States’ Rights, Tariffs, or Slavery?
There is plenty of secondary literature presenting evidence on both sides, which is why Americans are still arguing this tired point over 150 years after the war ended. But there is a pretty simple way to clear the air. Just read the primary sources and take everyone at his word.
Many of the Confederate states published declarations explaining their reasons for seceding from the Union. The problem for those making the tariff argument is only a few of these declarations even mention the tariff, and then only in passing.
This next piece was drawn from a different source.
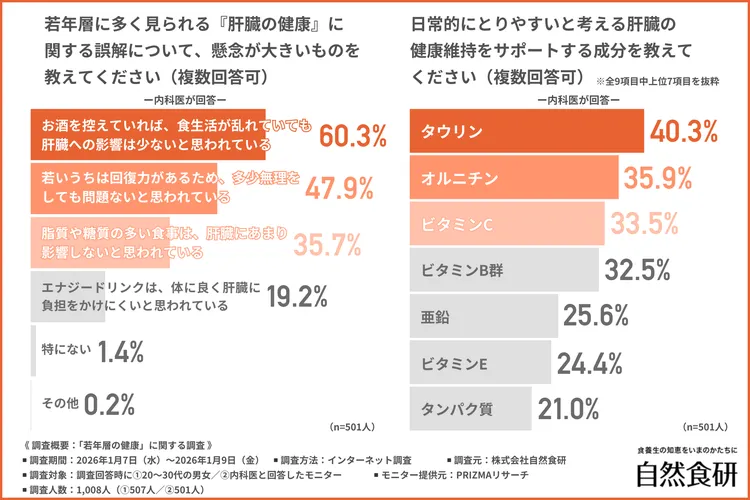 日常的にとりやすい肝臓ケア成分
The declarations of South Carolina, Mississippi and Texas don’t mention taxes or economic policy at all.
But what all the declarations state loud and clear is the seceding states’ objections to the federal government not fulfilling its constitutional duty to execute fugitive slave laws, the election of a president who campaigned saying the Union could not survive “half slave and half free,” and their belief that the Republican Party’s determination to keep slavery out of new territories would eventually lead to abolition of the institution in their own states.
The passage which is perhaps most damning to the tariff theory comes from Georgia’s Declaration, which reads:
The party of Lincoln, called the Republican party, under its present name and organization, is of recent origin. It is admitted to be an anti-slavery party. While it attracts to itself by its creed the scattered advocates of exploded political heresies, of condemned theories in political economy, the advocates of commercial restrictions, of protection, of special privileges, of waste and corruption in the administration of Government, anti-slavery is its mission and its purpose. By anti-slavery it is made a power in the state.
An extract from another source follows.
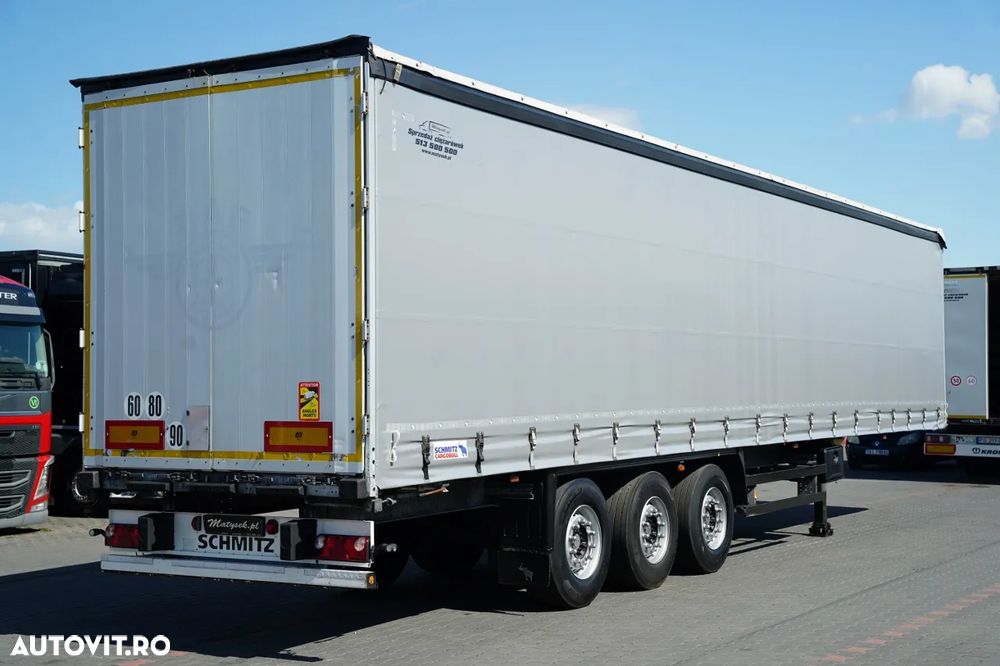 Schmitz Cargobull / CORTINĂ / STANDARD / AXE SCHMITZ - 6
The passage is accurate. The Republican Party was indeed comprised of a coalition between abolitionists and former members of the Whig Party, like Lincoln, who still sought to implement Henry Clay’s “American System” of protectionist tariffs, “internal improvements” (viz. “infrastructure”) and a central bank. But the Georgia Declaration dismisses this as merely an incidental observation and emphasizes the party’s opposition to slavery. One cannot help but conclude that Georgia, while objecting to the American System, was willing to tolerate it, but would not tolerate any threat to slavery.
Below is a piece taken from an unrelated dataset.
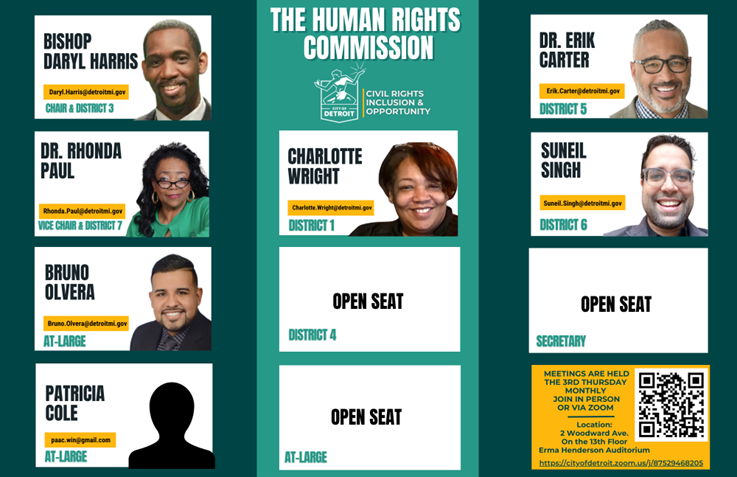 HUMAN RIGHTS COMMISSION 2026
Arkansas cited the Union’s attempt to coerce it into making war on the seceded states as its reason for leaving.
There is no reason to doubt Lincoln’s personal, philosophical opposition to slavery, but it wasn’t the reason he fought the Civil War. We know this because he said so, repeatedly. And it is by no means a leap, based on his lifelong political beliefs and what he said himself during his first inaugural, that the reason it was so important for him to “save the Union” was because he couldn’t pursue his big government agenda without the seceding states’ taxes. That’s quite a poor reason to start a war in which 600,000 to a million Americans are killed by their fellow Americans.
21st century Americans shouldn’t pick a side in the Civil War. Much like the brawl between the White Supremacists and Antifa in Charlottesville, Va., it was fought by two tyrannical powers for mostly evil purposes. The best we can do today is understand what really happened and work to rehabilitate the bedrock American principles of limited, decentralized government and the natural right of secession, good ideas given a bad name by Lincoln and the Confederates alike.